**Action item:** Reproduce word for word the lines between those holding "SR Musical Regular Fit Pink T-Shirt" and "Buiten sauna /", inclusive, and nothing else from the data below.

====== Extracted data ======

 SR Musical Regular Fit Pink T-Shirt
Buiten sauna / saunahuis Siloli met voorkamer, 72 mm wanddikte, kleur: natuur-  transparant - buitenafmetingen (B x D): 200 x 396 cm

======
====== Extracted data ======

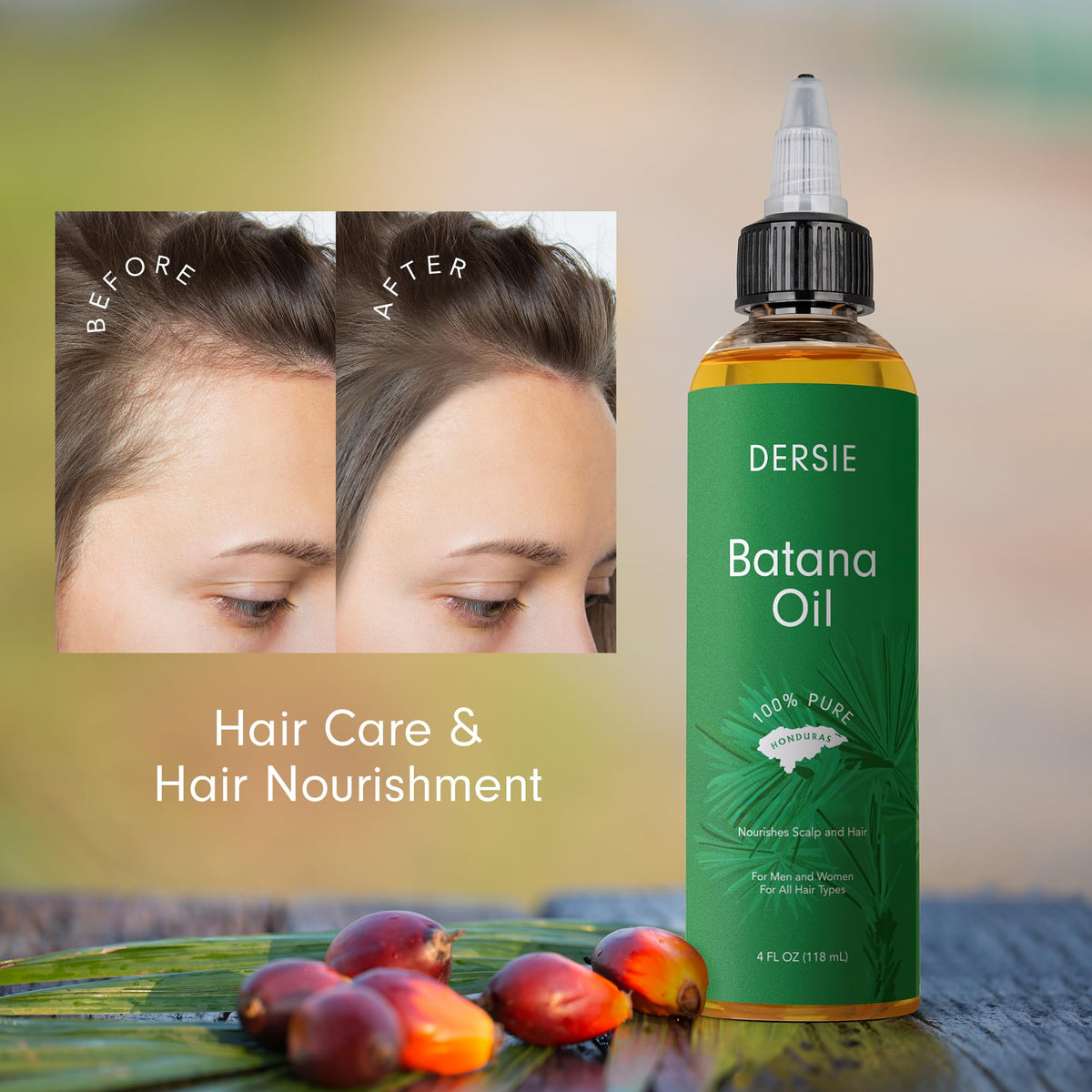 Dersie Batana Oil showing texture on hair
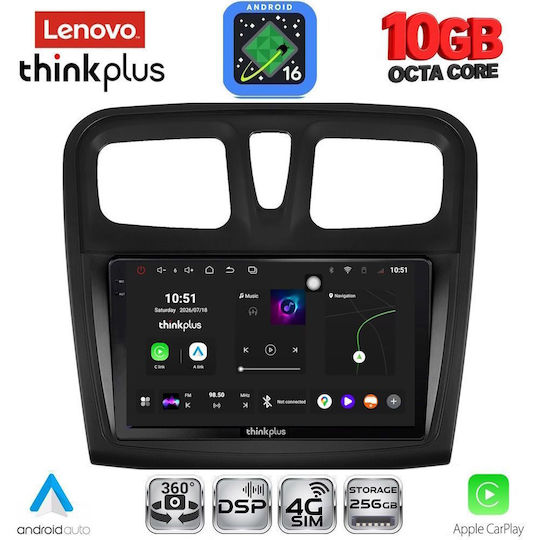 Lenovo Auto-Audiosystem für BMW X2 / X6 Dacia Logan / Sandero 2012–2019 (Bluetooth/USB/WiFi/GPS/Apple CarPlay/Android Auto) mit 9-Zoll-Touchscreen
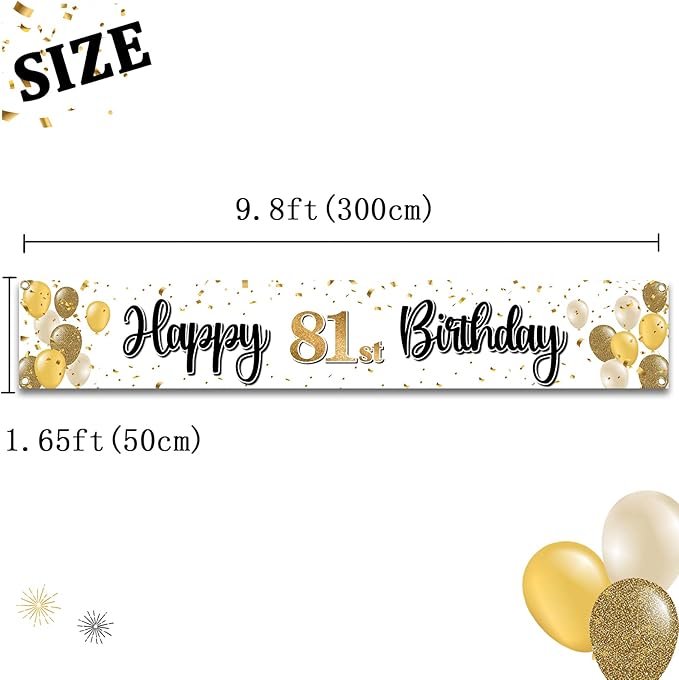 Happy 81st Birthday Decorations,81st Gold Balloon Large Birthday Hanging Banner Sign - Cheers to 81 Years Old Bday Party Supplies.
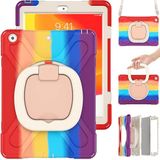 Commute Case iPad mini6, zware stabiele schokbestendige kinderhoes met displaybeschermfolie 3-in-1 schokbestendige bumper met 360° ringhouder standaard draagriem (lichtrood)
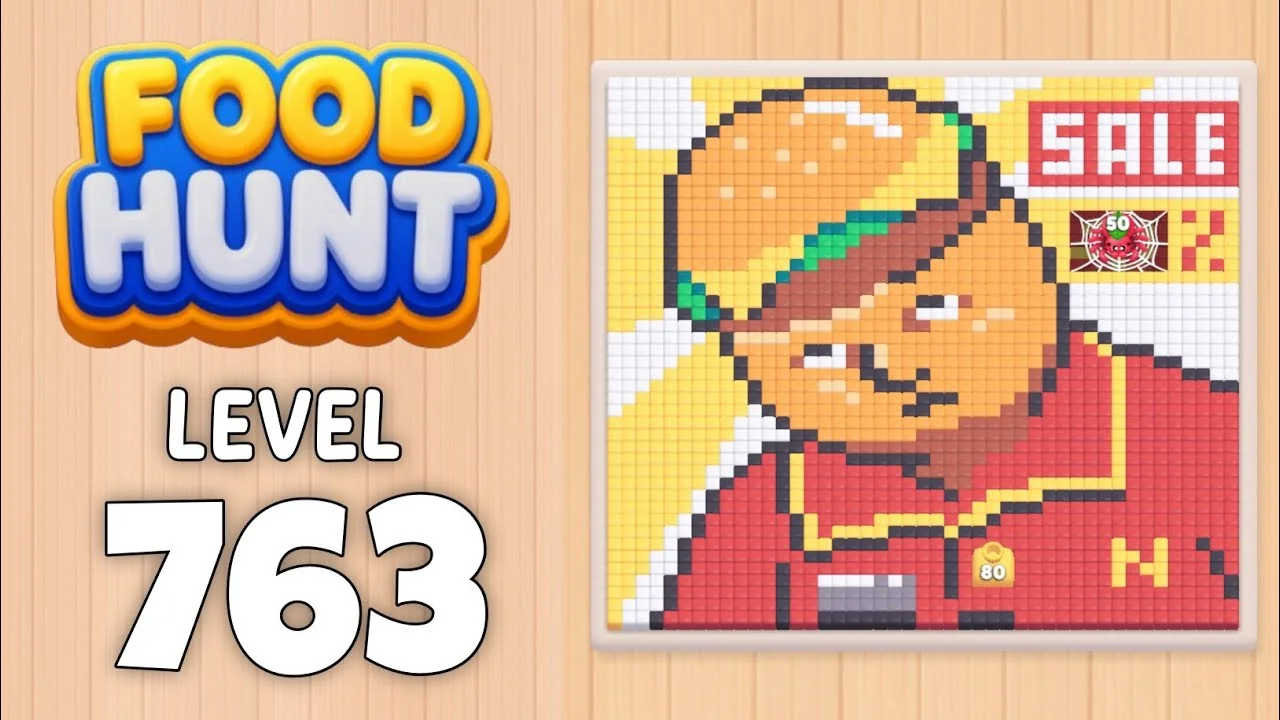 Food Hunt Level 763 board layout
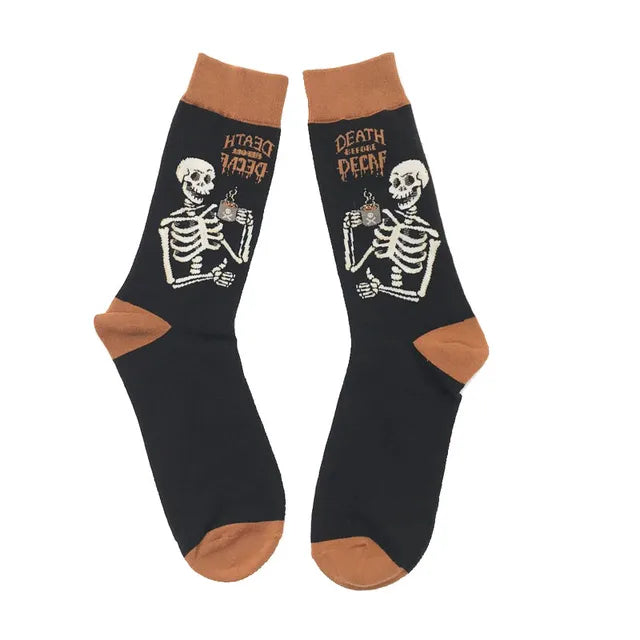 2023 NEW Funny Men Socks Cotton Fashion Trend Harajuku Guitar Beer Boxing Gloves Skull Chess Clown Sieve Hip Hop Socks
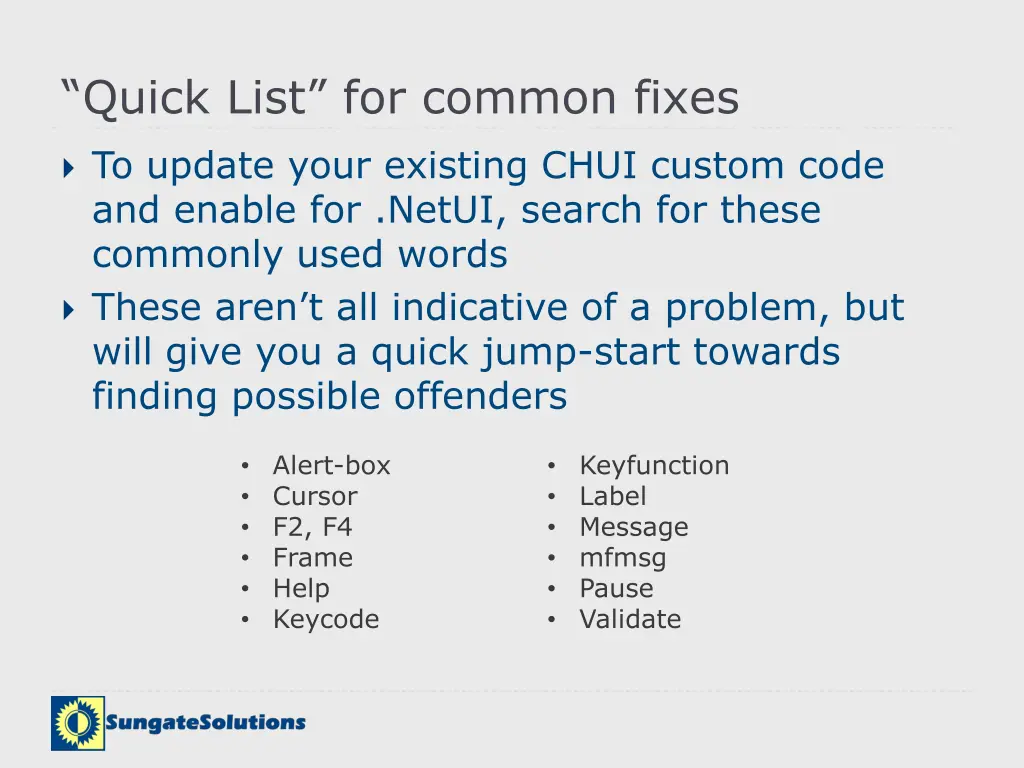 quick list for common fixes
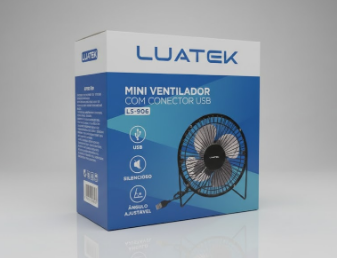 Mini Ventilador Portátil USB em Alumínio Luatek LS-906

======
====== Extracted data ======

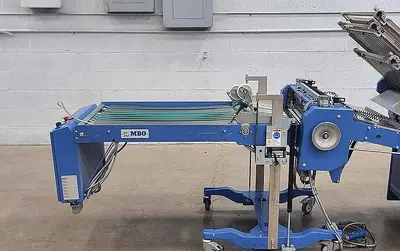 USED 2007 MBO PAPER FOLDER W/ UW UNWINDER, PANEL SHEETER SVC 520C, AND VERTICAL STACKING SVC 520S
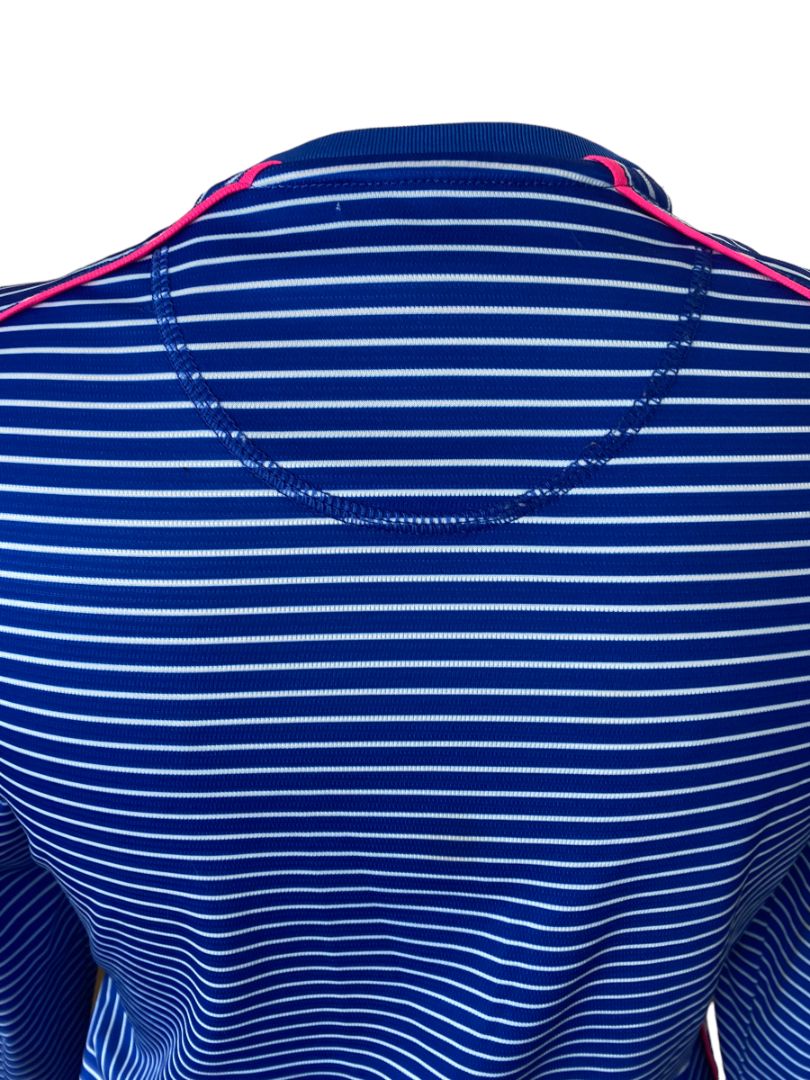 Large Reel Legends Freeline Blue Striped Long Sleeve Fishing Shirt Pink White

======

**Your solution:**
 SR Musical Regular Fit Pink T-Shirt
Buiten sauna / saunahuis Siloli met voorkamer, 72 mm wanddikte, kleur: natuur-  transparant - buitenafmetingen (B x D): 200 x 396 cm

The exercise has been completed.